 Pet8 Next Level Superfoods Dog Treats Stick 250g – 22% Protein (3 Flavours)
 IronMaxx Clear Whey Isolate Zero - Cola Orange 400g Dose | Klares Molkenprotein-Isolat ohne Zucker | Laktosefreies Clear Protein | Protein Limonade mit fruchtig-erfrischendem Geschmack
--
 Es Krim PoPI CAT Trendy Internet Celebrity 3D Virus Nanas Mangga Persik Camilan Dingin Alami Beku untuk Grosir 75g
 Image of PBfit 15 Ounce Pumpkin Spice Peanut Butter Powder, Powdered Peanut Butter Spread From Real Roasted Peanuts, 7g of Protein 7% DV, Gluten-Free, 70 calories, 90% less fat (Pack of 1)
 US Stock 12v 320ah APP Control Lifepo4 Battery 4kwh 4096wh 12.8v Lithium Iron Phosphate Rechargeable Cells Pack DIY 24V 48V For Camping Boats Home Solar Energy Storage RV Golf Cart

◆ ABOUT THIS TASK: Lines that contain the word "Pack": how many are there in the data? Give the number and nothing else.

◆ ANSWER TO THIS TASK: 2